Confronting the DeFi Revolution: A Comparative Analysis of the Application of New Zealand's Personal Property Securities Act 1999 to Cryptoassets
DOI:
https://doi.org/10.26686/vuwlr.v55i2.9804Abstract
The financial sector in the 21st century is experiencing a revolution. The major disruptor is decentralised finance (DeFi) which leverages emerging blockchain technology to eliminate the need for centralised financial institutions and empowers individuals with peer-to-peer digital exchanges. DeFi is underpinned by cryptoassets such as bitcoin, ether, and non-fungible tokens (NFTs). As DeFi offerings have become increasingly sophisticated, important legal issues have arisen. One such issue is whether the law is appropriately positioned to recognise and give effect to the use of cryptoassets as collateral in lending arrangements. The lack of legal certainty at present poses a substantial risk to market participants who are, for the most part, transacting blindly.
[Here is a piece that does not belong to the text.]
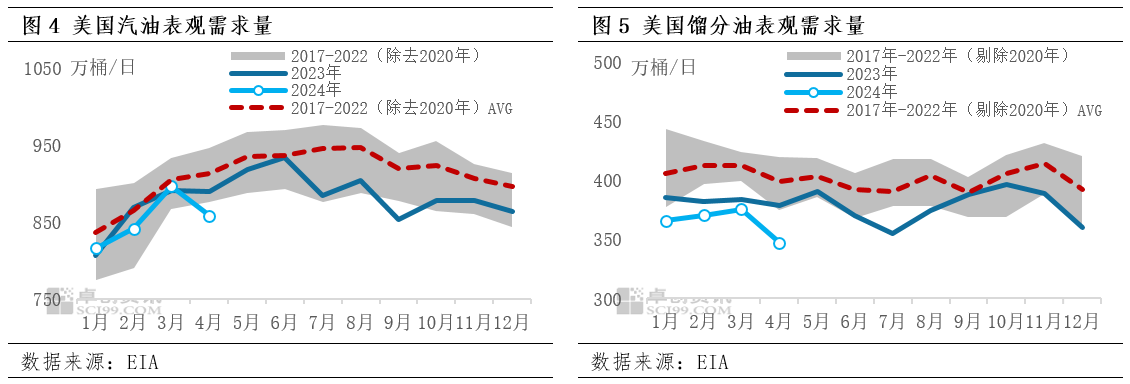 热点追踪：五一期间，原油价格缘何破位下跌？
This article, therefore, addresses the applicability and comparative suitability of New Zealand's Personal Property Securities Act 1999 (PPSA) to cryptoasset collateral, using the recent Singaporean case of Chefpierre as a test case. It argues that the PPSA is generally better positioned than English (Singaporean) secured credit law to respond to the emerging use of cryptoassets as collateral. Nevertheless, the challenges posed by cryptoasset collateral necessitate legislative change; in particular, change to the PPSA's perfection requirements and priority rules. After reviewing and analysing recent legal developments in the United Kingdom and the United States, this article proposes that a number of bespoke rules and concepts designed to respond to cryptoassets be introduced into the PPSA.